In previous releases, where Xerces-J version 2.9.0 was provided, this file was not required, and it was preferable to make use of the JAXP interfaces provided by the Java JDK/JRE. However, changes to the way in which Xerces is shipped means this jar file is now required at runtime (but not compile time, where the JDK is sufficient).
New Features
DCP - Document Comparator Pipeline
DCP is the DocumentComparator's equivalent of the PipelinedComparator's DXP, although it is defined as an XML Schema rather than as a DTD. Processing of the schema-defined XML files makes use of some validation features that are only available in Xerces 2.9.0 and above.
Whitespace Handling
XML Compare versions 8.2 and above include improvements to the handling of whitespace. A requirement for this improved functionality was to add the detection of 'ignorable whitespace' to the existing com.deltaxml.pipe.filters.LexicalPreservation
code. This detection requires access to methods available only in Xerces 2.9.0 and above.
Configuration changes
Configuration Properties
The com.deltaxml.config.JavaPlatform.useSAXParserFactory
property is now set to 'false
' by default.
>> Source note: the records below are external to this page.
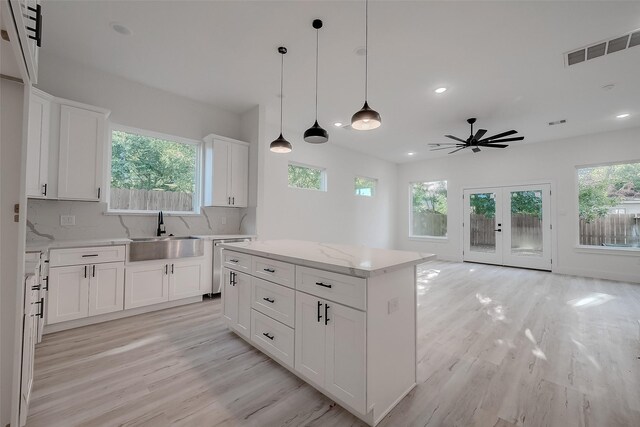 7002 Sidney St, Houston, TX 77021 - kitchen with a sink, light wood-style floors, ceiling fan, stainless steel dishwasher, and white cabinets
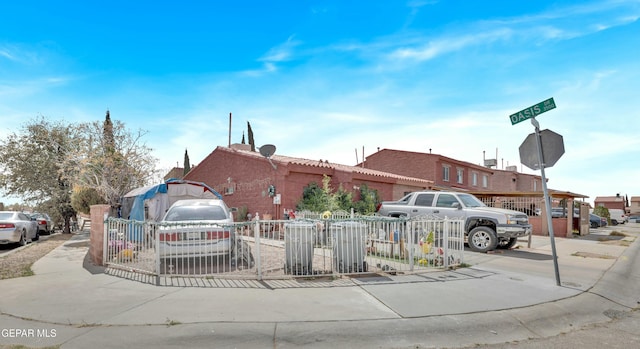 view of front of house featuring fence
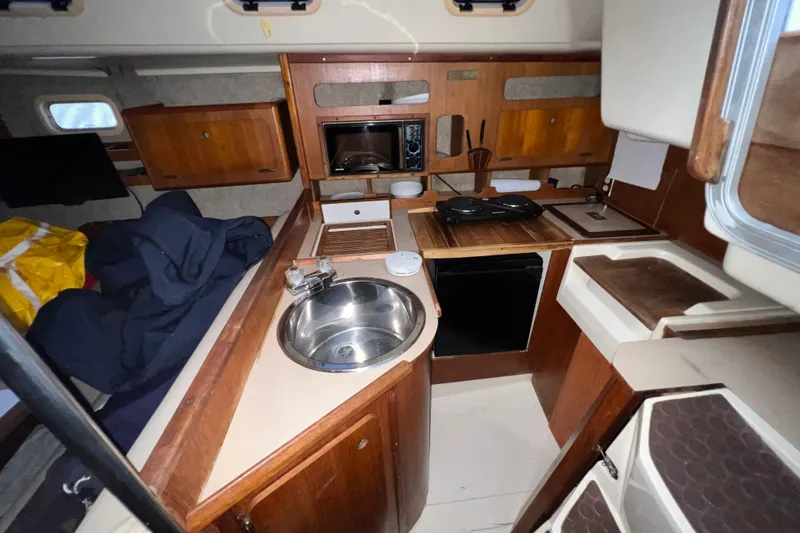Slide: The Image of Interior of 1988 Hunter 333 sailboat kitchen with sink, stove, and wooden cabinetry. - 7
This means that when a SAXParser
is created inside XML Compare, it is done using an explicit class name that loads Xerces.
Classpath
While the jar files for the command-line tool and the GUI have always contained a classpath containing Xerces, deltaxml.jar
did not. This has now been updated to include xercesImpl.jar
on paths including deltaxml.jar
.
What can I do without Xerces?
While use of the com.deltaxml.cores9api.PipelinedComparatorS9
and com.deltaxml.cores9api.DocumentComparator
classes now requires Xerces, it is still possible to use some of our legacy classes without requiring Xerces.
The com.deltaxml.core.PipelinedComparator
can still be used without Xerces as the parser as long as LexicalPreservation
functionality is not used. If it is, a ClassNotFoundException
will be thrown with details about the required Xerces classes. To configure the use of a different parser, please see the 'Using a different parser' section below.
Using a different parser
Three changes muct be made in order to use a different parser:
Update the configuration properties to use the SAXParserFactory
Remove or rename the existing
xercesImpl.jar
Optionally add a different parser to the classpath
1. The com.deltaxml.config.JavaPlatform.useSAXParserFactory
must be set to true. See Configuration Properties for more information on how to do this.
2. The existing xercesImpl.jar
will still be loaded from the deltaxml.jar
classpath. In order to stop this from occurring, either move or rename the xercesImpl.jar
in the XML Compare release directory.
3. This stage is optional. Completing the steps above will cause the JVM's internal parser to be used (this is not recommended). To replace it with a different parser, make the relevant jar files available on the classpath. If the jar files do not advertise themselves as implementing a SAXParserFactory
, you will need to set up the JVM property appropriately.